Paloma Riani e Michel Bertovitch: Shakespeare em estreia em companhia

Crítica publicada no Jornal do Brasil – Caderno B
Por Lucia Cerrone – Rio de Janeiro – 20.06.1998

 

Barra

Um espetáculo para jovens 

Escrita por Shakespeare em 1599, Muito Barulho por Nada, peça em cartaz no Teatro Gláucio Gill, é uma das comédias mais interessantes do autor. A trama de diálogos ágeis e de sofisticado humor se torna no palco, um grande exercício para atores, no que se refere ao bom uso da palavra.

Muito convenientemente, o diretor Michel Bertovitch escolheu o texto para a estreia da Companhia Prática de Teatro, há quatro anos em processo de trabalho. Se o resultado ainda não é o melhor, a estratégia de aprender na prática, já embutida no nome da Cia, parece ser um corajoso caminho a ser seguido. Do contrário, grandes espetáculos, pesquisas inovadoras de linguagem e outros inventos só se tornam encenações irrepreensíveis quando ficam só no projeto. A Cia ousou e está em cena sob o olhar atento da jovem plateia a quem foi destinado o espetáculo.

Muito Barulho por Nada é um texto de situações bem encadeadas. A ação se passa na cidade siciliana de Messina, quando o príncipe Dom Pedro de Aragão chega à cidade com seus companheiros. Numa trama cheia de romance, aventura, conflito e bom desfecho, Hero e Cláudio se apaixonam e, antes do final feliz, o final plot se dá pela interferência de uma providencial intriga. Numa falsa trama paralela, personagens antagônicos como Beatriz e Benedito têm os diálogos mais brilhantes do texto. Subvertendo a ordem dos opostos que se atraem, os dois personagens defendem sua liberdade na mesma medida em que nutrem um profundo desprezo pelo amor. Como em qualquer situação extrema, esses personagens são presas ideais para as ciladas da paixão. Enfim, na vida como na arte, o intelecto se rende à simplicidade.

Mesmo utilizando bem o texto, a direção de Bertovicht para seu numeroso elenco é cheia de entradas e saídas, marcadas além do necessário. As cenas do coro, ao contrário de movimentar a ação são vistas como pausas, quase desfiles de oportunidades, para que toda a Cia esteja em cena. É interessante essa participação, mas, sem função, fica gratuita O ideal seria “enxugar” essas intervenções. Outras cenas longas e de comédia caricata, como a da prisão dos caluniadores também poderia ser encurtada.

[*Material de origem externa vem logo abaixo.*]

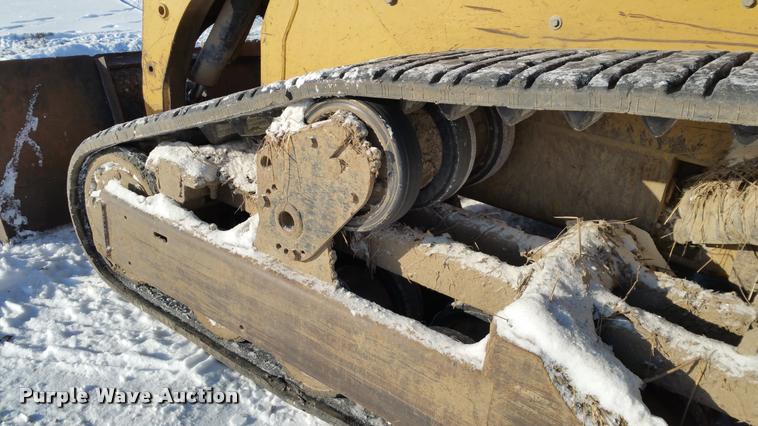 image for item DA5825 2004 Caterpillar 277 skid steer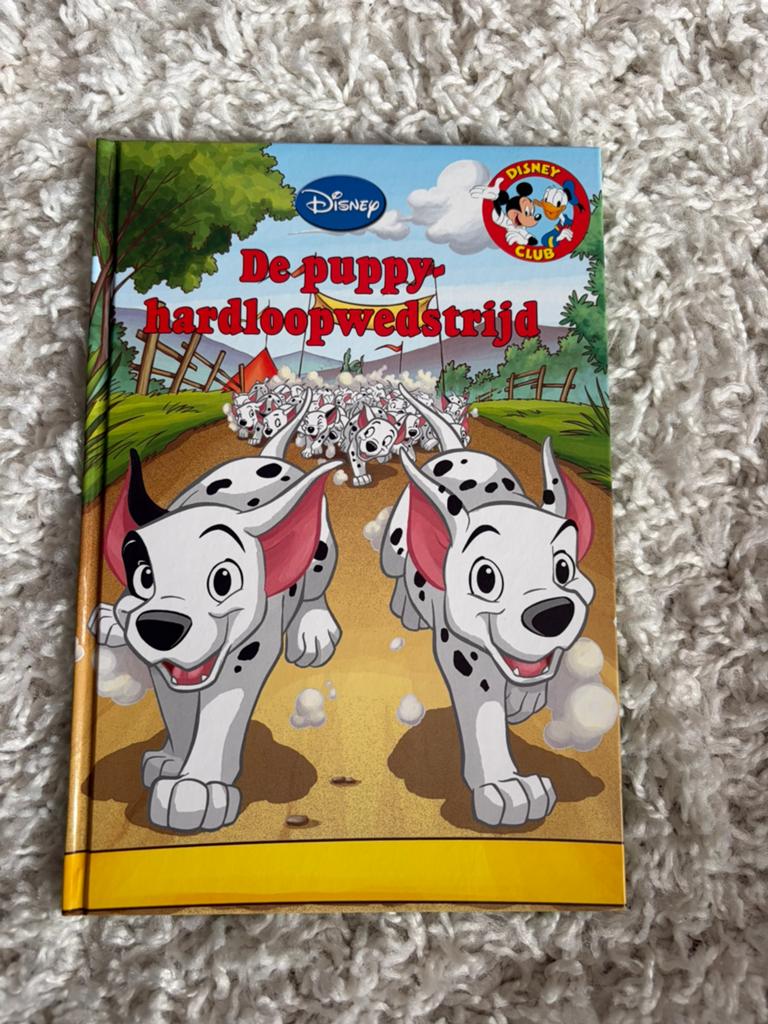 Disney club - De puppy hardloopwedstrijd, Boeken, Ophalen of Verzenden, Gelezen, Jongen of Meisje, Fictie algemeen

Mas nem tudo se perde no palco. Paloma Riani, uma atriz bissexta, que vem canalizando seu talento para o trabalho de direção, está excelente no papel de Beatriz. Sua composição se destaca no espetáculo, onde tira o melhor do texto. Acompanhando de perto o trabalho da atriz estão em cena, também em personagens de destaques, Michel Bertovicht, Inês Cardoso, Flávio Antônio e Felipe Martins.

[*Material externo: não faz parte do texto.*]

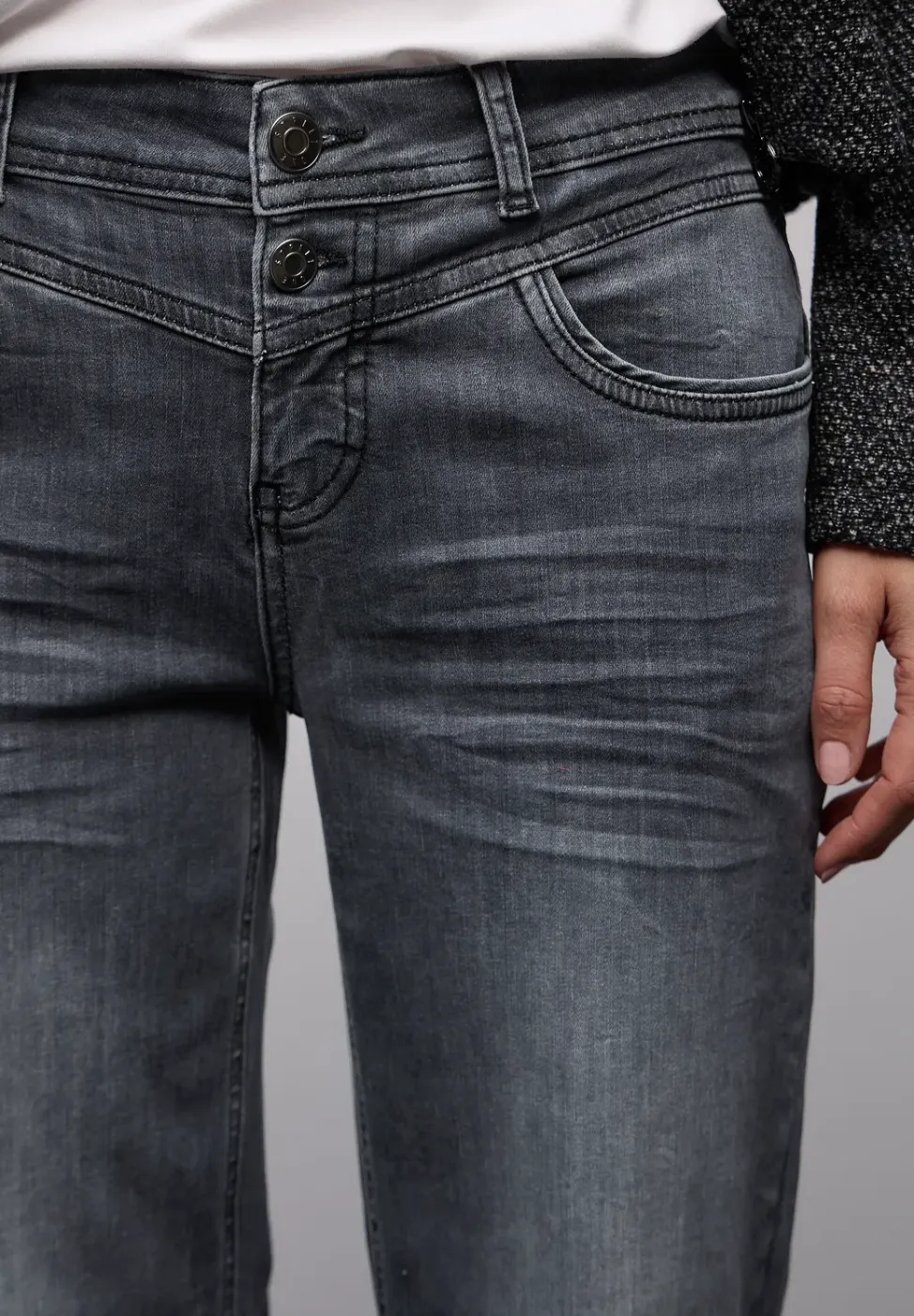Straight Legs jeans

Muito Barulho por Nada tem ainda música ao vivo, tocada pelo próprio elenco. Um esforço de produção plenamente recompensado em cena. O espetáculo feito por e para a jovem plateia cumpre sua função de levar essa fatia do público ao teatro. Mais uma investida na política de formação de plateia que há muito se discute na teoria, mas que poucas vezes é posta em prática pelos encenadores. O importante é tentar e a Companhia Prática de Teatro tem todas as condições de levar o seu trabalho adiante.